What does "published" actually mean here?

Four things make a dataset genuinely published as LOD:

  1. Resolvable URIs that return data when opened in a browser.
  2. An open licence so others may legally reuse it.
  3. A downloadable dump (a Turtle or JSON-LD file).
  4. Discoverability through a catalogue and a machine-readable description.

A SPARQL endpoint is a welcome fifth element but is not required for your first release. Many respected datasets begin as a licensed file on Zenodo.

The five-star model: how good is good enough?

Tim Berners-Lee's five-star scale is the standard yardstick:

StarsWhat it means
Open licence, any format (even a PDF)
★★Structured, machine-readable (Excel)
★★★Non-proprietary format (CSV)
★★★★Uses URIs so others can link to it (RDF)
★★★★★Links out to other datasets

Heritage projects should target four or five stars. The jump from four to five, adding outbound links to Wikidata or GeoNames, is what makes your data part of the wider web rather than an island.

A worked example: from spreadsheet to triples

Start with a three-column spreadsheet of postcards: id, title, place. Convert it to Turtle with outbound links already in place:

turtle
@prefix dct: <http://purl.org/dc/terms/> .
@prefix schema: <http://schema.org/> .

<https://data.myarchive.org/card/PC-001> a schema:Photograph ;
    dct:title "Harbour at dawn"@en ;
    dct:spatial <https://sws.geonames.org/2654675/> .

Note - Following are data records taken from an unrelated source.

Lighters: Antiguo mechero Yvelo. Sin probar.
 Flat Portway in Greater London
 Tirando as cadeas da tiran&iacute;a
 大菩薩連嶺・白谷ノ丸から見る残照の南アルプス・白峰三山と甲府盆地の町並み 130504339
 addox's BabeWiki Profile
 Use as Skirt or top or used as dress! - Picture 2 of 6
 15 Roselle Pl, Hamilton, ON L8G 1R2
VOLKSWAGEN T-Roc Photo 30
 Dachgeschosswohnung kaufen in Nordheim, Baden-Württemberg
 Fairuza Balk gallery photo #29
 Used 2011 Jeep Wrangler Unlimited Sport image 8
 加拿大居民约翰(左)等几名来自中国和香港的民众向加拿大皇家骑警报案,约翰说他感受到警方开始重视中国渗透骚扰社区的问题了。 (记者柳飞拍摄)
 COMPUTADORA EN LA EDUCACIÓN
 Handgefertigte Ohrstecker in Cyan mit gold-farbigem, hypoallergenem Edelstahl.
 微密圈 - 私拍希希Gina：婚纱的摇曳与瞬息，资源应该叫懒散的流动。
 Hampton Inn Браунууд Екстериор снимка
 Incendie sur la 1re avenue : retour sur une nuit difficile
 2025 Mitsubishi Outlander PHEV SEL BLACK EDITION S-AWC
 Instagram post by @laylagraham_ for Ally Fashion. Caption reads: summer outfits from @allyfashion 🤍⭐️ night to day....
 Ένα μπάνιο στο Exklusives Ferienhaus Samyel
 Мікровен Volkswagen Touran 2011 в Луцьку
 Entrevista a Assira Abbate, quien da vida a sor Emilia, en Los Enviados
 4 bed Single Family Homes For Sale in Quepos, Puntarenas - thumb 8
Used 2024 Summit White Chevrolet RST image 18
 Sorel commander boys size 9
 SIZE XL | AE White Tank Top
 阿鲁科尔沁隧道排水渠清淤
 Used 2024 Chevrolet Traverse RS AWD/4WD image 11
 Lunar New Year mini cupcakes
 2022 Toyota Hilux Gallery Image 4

The dct:spatial link to GeoNames is your fifth star. Even one outbound link per record transforms the dataset's value.

How do you actually put it online?

For a first release, no server is needed:

bash
# validate before you publish
riot --validate collection.ttl

# then deposit the file plus a LICENSE on Zenodo or a web host

riot (from Apache Jena) catches malformed Turtle before it embarrasses you. Upload the validated file and a LICENSE stating CC0. That alone is a four-star, licensed, downloadable dataset.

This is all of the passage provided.